● Task directions: For every record that follows, transcribe the text exactly and leave any image out.

(Stored data)

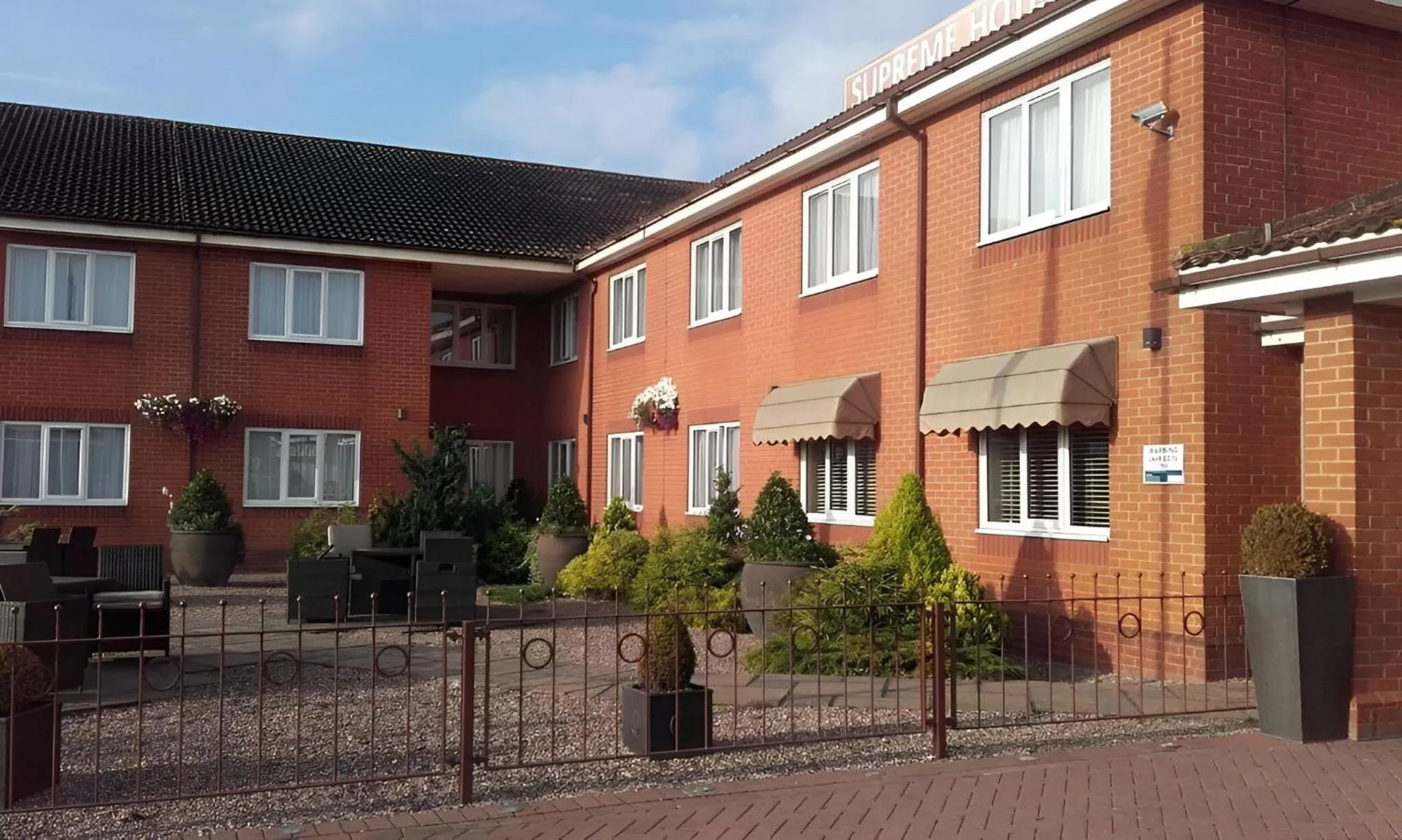 Property building in Supreme Inn Boston
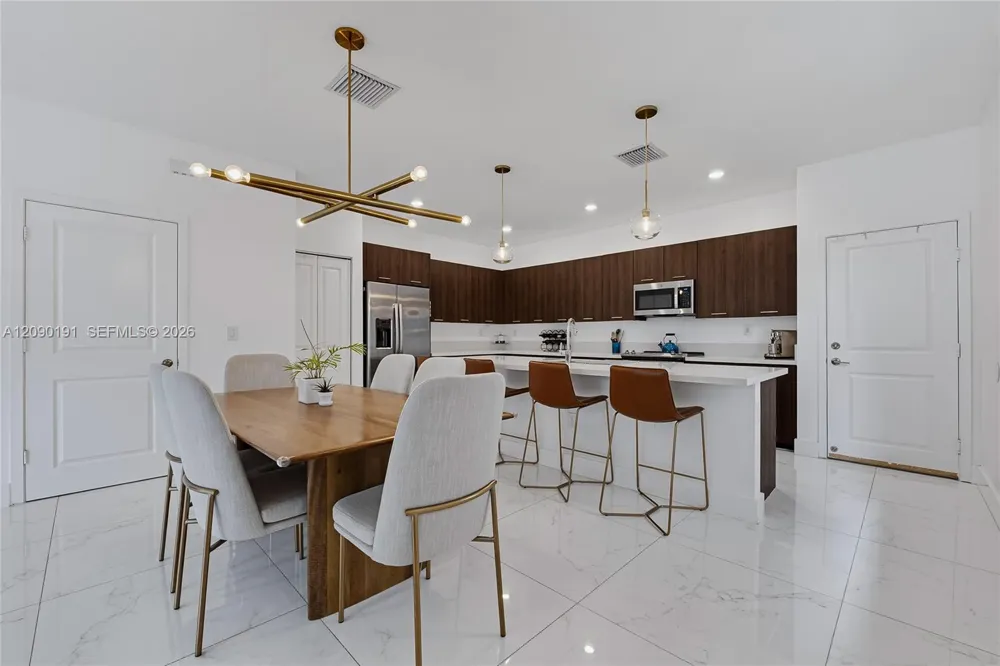 4605 NW 83rd Path Doral, FL 33166
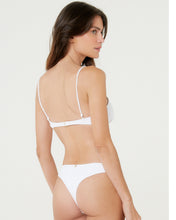 Load image into Gallery viewer, Image 04: Blueman Set Pepe Ariba Saint Martin Texture Branco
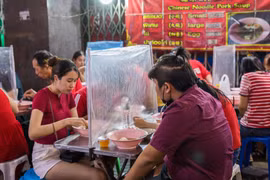 Số ca mắc COVID-19 tiếp tục tăng nhanh tại Thái Lan và Philippines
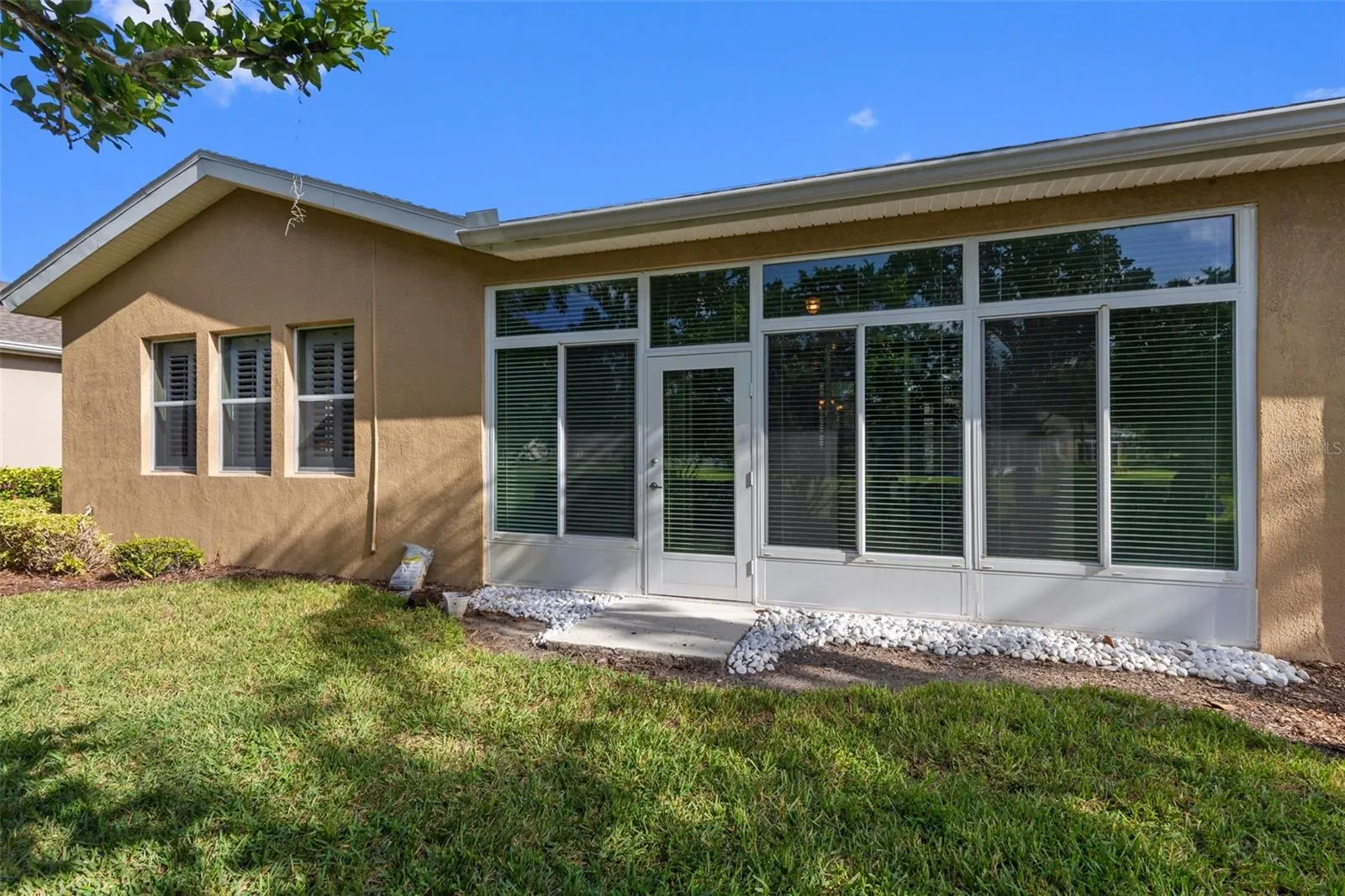2404 KENSINGTON GREENS DR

(End Stored data)

● Answer to this exercise:
 Property building in Supreme Inn Boston
 4605 NW 83rd Path Doral, FL 33166
 Load image into Gallery viewer, Image 04: Blueman Set Pepe Ariba Saint Martin Texture Branco
 Số ca mắc COVID-19 tiếp tục tăng nhanh tại Thái Lan và Philippines
2404 KENSINGTON GREENS DR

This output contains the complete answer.